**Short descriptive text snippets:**
╔══
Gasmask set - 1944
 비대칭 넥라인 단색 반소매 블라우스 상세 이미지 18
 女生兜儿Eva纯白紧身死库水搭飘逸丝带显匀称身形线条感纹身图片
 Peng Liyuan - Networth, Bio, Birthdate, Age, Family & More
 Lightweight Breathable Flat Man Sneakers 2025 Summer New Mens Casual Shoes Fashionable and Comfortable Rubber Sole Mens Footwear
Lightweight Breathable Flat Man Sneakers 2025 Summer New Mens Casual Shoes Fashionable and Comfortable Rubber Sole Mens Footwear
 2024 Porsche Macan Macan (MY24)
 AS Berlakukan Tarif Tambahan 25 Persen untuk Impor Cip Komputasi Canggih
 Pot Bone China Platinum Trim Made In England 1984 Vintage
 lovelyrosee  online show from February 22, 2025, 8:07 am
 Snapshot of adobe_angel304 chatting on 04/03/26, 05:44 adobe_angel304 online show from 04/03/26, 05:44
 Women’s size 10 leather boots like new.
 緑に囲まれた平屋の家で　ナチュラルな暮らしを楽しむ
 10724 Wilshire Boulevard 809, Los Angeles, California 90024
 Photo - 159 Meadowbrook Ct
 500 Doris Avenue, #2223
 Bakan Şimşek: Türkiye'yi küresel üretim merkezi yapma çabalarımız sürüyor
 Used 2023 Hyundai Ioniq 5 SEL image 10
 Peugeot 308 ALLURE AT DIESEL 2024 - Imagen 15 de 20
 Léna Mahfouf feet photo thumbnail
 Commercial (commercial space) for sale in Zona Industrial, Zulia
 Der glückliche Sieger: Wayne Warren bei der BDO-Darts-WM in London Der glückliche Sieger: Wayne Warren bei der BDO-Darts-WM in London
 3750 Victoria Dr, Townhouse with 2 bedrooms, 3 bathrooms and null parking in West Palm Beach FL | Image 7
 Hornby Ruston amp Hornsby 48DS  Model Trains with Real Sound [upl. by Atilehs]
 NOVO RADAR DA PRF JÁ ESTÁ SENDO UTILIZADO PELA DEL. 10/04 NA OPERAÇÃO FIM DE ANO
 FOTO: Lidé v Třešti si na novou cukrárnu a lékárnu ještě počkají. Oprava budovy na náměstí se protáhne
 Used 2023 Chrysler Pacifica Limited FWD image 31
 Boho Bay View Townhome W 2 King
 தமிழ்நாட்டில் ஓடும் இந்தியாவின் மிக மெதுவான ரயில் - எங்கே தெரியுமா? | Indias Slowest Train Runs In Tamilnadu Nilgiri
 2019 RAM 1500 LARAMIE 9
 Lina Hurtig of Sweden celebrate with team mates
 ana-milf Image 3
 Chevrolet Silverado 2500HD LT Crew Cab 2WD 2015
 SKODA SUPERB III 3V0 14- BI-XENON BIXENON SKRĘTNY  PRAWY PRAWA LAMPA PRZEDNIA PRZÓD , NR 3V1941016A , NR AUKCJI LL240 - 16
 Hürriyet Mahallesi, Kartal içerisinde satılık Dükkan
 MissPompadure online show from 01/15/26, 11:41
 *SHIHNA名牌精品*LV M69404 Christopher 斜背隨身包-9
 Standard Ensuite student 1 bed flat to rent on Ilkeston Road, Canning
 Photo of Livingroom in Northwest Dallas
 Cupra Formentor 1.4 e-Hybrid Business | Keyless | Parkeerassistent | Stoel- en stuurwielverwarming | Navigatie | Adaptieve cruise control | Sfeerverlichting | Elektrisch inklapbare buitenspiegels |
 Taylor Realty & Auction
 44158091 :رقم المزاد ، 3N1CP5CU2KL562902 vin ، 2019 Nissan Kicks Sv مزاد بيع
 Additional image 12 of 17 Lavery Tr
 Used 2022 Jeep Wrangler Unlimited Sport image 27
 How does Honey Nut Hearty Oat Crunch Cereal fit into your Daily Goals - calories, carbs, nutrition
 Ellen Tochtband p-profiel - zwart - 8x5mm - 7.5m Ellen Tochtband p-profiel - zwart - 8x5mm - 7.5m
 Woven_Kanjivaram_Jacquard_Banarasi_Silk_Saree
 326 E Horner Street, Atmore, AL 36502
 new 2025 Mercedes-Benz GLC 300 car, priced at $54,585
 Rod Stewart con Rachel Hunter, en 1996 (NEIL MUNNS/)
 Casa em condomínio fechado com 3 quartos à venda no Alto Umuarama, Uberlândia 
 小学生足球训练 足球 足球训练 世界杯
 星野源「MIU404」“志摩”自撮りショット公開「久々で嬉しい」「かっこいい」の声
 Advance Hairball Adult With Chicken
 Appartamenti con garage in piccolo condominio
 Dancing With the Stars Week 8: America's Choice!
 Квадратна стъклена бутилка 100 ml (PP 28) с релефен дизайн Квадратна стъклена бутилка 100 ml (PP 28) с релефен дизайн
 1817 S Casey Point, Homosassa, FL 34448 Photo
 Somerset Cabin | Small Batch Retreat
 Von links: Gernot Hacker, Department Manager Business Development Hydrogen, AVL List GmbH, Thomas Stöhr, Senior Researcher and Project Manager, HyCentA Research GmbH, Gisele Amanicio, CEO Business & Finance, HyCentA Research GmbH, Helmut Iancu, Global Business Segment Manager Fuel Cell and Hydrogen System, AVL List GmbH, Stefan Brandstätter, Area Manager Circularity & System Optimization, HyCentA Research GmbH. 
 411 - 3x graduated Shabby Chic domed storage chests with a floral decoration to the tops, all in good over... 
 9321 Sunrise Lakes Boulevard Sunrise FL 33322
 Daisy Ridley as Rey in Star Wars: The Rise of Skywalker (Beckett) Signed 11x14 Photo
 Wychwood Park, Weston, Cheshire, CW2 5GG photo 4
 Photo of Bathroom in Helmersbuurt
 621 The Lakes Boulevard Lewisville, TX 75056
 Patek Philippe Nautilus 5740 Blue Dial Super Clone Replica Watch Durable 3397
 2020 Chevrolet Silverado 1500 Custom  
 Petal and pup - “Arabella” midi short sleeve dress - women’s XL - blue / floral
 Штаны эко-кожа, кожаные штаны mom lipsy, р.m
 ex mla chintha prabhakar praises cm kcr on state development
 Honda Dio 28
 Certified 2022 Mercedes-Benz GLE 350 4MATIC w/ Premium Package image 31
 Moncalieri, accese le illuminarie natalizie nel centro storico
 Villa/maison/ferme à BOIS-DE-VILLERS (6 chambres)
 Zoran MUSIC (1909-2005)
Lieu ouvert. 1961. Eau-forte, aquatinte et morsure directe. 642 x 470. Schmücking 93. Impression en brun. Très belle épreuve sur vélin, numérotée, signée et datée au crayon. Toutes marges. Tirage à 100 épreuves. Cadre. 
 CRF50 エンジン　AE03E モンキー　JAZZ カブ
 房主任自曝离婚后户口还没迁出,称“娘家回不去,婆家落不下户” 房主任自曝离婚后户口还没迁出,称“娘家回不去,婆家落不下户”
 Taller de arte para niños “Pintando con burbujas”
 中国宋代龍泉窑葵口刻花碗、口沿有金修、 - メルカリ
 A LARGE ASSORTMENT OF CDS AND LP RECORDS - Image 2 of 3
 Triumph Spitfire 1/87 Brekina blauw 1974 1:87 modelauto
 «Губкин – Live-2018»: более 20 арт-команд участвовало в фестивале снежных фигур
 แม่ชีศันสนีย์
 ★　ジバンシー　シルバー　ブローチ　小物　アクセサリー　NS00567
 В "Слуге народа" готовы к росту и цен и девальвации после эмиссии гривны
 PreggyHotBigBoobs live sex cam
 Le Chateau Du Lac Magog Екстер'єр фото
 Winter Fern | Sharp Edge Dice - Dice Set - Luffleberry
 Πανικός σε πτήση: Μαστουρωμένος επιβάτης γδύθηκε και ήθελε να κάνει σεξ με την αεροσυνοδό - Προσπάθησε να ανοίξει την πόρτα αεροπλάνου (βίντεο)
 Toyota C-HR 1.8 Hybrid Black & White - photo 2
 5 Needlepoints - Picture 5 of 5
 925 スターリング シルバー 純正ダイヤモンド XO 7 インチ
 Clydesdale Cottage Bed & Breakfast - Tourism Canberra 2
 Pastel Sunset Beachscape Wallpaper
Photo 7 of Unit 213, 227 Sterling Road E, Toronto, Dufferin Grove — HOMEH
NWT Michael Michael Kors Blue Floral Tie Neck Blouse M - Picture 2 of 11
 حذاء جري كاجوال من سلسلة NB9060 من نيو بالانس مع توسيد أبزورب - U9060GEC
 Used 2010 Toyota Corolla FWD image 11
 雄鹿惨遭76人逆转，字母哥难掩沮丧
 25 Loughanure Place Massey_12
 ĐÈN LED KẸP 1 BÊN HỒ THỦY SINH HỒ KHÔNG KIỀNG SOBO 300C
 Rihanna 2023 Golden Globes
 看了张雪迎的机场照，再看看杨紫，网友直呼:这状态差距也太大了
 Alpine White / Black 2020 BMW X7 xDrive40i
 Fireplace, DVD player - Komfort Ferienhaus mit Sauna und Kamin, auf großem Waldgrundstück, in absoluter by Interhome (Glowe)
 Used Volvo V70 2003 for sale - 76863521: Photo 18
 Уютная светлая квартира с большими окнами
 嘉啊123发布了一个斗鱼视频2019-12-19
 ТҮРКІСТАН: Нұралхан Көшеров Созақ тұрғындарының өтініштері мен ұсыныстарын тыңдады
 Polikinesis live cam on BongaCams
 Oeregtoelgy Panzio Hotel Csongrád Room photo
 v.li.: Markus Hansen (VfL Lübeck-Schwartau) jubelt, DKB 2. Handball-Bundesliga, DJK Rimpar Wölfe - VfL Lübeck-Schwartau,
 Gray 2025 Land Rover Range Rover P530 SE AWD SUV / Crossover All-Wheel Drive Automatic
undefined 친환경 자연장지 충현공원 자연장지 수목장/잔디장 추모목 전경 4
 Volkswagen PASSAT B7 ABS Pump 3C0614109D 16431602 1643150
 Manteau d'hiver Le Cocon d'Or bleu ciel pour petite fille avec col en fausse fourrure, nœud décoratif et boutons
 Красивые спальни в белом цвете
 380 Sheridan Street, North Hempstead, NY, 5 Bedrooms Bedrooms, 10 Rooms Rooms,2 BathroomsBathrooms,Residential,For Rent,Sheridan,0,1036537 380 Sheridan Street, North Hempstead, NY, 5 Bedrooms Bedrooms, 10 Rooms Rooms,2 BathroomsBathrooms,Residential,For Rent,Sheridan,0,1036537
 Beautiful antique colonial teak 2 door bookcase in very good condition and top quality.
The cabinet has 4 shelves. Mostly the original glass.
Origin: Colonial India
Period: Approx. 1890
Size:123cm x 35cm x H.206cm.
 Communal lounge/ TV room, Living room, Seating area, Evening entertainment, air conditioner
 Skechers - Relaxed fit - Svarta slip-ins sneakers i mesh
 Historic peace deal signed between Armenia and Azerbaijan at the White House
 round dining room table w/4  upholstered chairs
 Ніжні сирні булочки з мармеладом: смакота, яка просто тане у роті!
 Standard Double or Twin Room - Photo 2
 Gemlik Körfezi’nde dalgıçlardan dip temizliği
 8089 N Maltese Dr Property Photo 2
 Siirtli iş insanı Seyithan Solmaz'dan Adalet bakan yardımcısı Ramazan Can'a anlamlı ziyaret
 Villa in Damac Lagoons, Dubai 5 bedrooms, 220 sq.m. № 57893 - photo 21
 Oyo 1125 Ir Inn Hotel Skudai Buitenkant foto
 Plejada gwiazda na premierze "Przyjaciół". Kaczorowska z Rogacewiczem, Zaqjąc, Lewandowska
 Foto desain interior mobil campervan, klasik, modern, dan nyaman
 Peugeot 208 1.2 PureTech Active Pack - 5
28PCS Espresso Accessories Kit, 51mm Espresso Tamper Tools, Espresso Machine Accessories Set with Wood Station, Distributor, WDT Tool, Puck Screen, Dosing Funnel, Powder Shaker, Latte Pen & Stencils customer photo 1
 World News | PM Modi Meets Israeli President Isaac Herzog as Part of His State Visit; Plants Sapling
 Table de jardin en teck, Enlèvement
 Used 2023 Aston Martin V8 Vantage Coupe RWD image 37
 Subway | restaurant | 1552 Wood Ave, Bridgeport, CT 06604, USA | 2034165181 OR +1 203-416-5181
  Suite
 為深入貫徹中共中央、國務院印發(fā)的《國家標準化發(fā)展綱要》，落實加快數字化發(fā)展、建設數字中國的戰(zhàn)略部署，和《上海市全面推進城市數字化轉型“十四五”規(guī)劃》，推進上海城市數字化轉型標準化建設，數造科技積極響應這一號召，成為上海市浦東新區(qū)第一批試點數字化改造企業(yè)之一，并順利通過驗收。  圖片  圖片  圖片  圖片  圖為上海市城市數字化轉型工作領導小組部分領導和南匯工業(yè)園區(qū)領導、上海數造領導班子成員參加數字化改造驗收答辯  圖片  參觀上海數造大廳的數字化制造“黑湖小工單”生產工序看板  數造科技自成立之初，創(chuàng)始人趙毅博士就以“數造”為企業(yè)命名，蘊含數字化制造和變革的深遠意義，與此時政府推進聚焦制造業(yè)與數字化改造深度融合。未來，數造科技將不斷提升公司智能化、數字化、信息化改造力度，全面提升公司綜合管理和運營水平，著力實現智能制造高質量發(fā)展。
╚══
**AIM OF THE TASK:**
Print the lines above, unchanged, from the start of the records to the line with "2024 Porsche Macan Macan (MY24)", including that final line.

**PROBLEM SOLUTION:**
Gasmask set - 1944
 비대칭 넥라인 단색 반소매 블라우스 상세 이미지 18
 女生兜儿Eva纯白紧身死库水搭飘逸丝带显匀称身形线条感纹身图片
 Peng Liyuan - Networth, Bio, Birthdate, Age, Family & More
 Lightweight Breathable Flat Man Sneakers 2025 Summer New Mens Casual Shoes Fashionable and Comfortable Rubber Sole Mens Footwear
Lightweight Breathable Flat Man Sneakers 2025 Summer New Mens Casual Shoes Fashionable and Comfortable Rubber Sole Mens Footwear
 2024 Porsche Macan Macan (MY24)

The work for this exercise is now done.